Kandydat Republikanów Donald Trump pokonał kandydatkę Demokratów Kamalę Harris i po czterech latach powróci do Białego Domu.
Bosak został zapytany w środę przez dziennikarzy w Sejmie o to, co wybór Trumpa oznacza dla Polski. – Przede wszystkim zmniejszy się presja dyplomatyczna ze strony Stanów Zjednoczonych na realizację lewicowego czy poprawnego politycznie programu – ocenił.
Według niego, za pierwszej prezydentury Trumpa był „sprzeciw wobec takiej całkowicie multikulturowej czy genderowej agendy”.
W jego ocenie, kampania wyborcza prowadzona przez Harris „była chyba najbardziej lewicową kampanią w historii Stanów Zjednoczonych”. – I z drugiej strony kampania tandemu Trump-Vance była najbardziej konserwatywno-narodową kampanią. Tam wchodził bardzo mocno w grę temat nielegalnej migracji, ochrony granic – to są dokładnie te same tematy, które my mamy – powiedział Bosak.

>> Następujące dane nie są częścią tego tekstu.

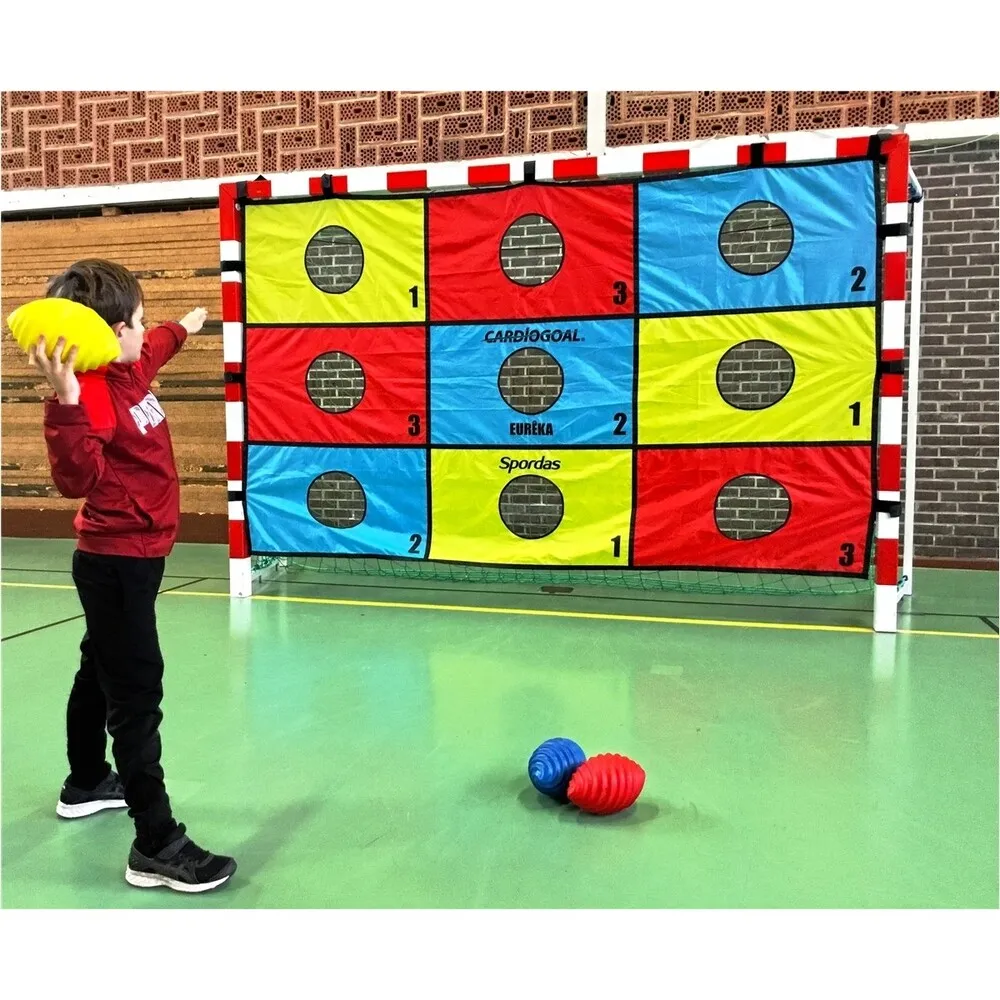 spordas_taikinys Taikinys sienelė Eureka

Polityk Konfederacji zwrócił też uwagę na zapowiedzi Trumpa zakończenia wojny na Ukrainie. – Pytanie z kim będzie ta próba dogadania się (…) prezydent Ukrainy Wołodymyr Zełenski ma najniższe w historii notowania w Ameryce, po stronie prezydenta Trumpa jest po prostu nielubiany, ze względu na swoją roszczeniową postawę, i pytanie na jakich warunkach będzie kończona ta wojna na Ukrainie, bo że Trump będzie zmierzał do jej zakończenia, to jest dość oczywiste – podkreślił wicemarszałek Sejmu.

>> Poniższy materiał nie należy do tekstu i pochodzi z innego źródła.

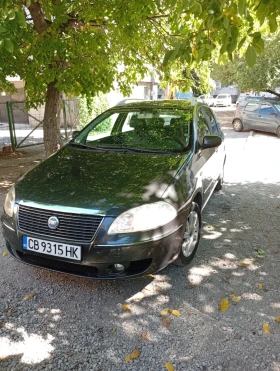  Fiat Croma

Dopytywany, co wygrana Trumpa oznacza dla bezpieczeństwa Polski, Bosak stwierdził, że jest to „wielka niewiadoma”. – Jestem pewien, że otoczenie prezydenta Donalda Trumpa będzie zwolennikiem utrzymania lojalności sojuszniczej, szczególnie wobec Polski, która spełnia współczynniki NATO – jeżeli chodzi o wydatki na obronność – powiedział polityk Konfederacji.